**Dataset extract:**
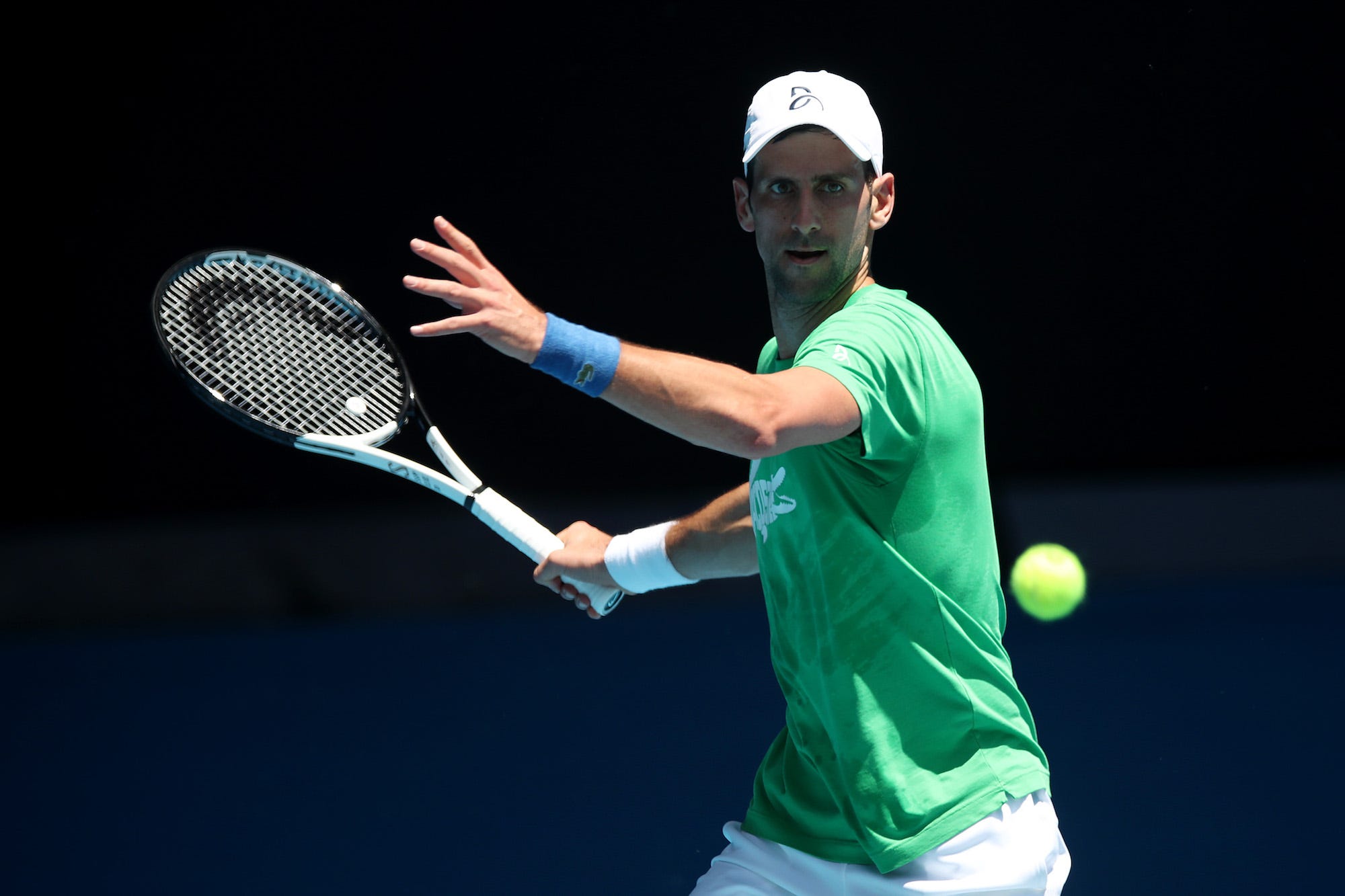 Novak Djokovic of Serbia plays a forehand during a practice session ahead of the 2022 Australian Open at Melbourne Park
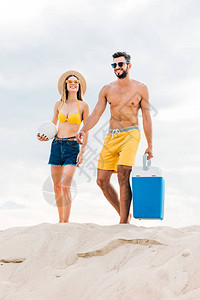 身着沙滩服装排球和便携式冰箱的年轻美女夫妇图片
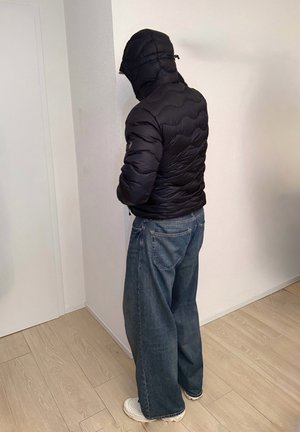 Persona de espaldas en una esquina, vistiendo una chaqueta acolchada con capucha negra, vaqueros anchos y zapatillas blancas sobre suelo de madera clara en el interior.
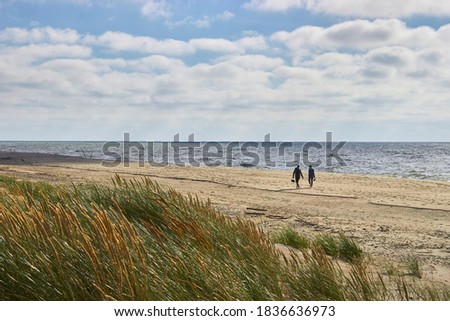 A young couple walks barefoot along the seashore after a storm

**What you will do:**
Print the whole listing exactly. No pictures belong in the copy.

**Answer to the exercise:**
 Novak Djokovic of Serbia plays a forehand during a practice session ahead of the 2022 Australian Open at Melbourne Park
 身着沙滩服装排球和便携式冰箱的年轻美女夫妇图片
 Persona de espaldas en una esquina, vistiendo una chaqueta acolchada con capucha negra, vaqueros anchos y zapatillas blancas sobre suelo de madera clara en el interior.
 A young couple walks barefoot along the seashore after a storm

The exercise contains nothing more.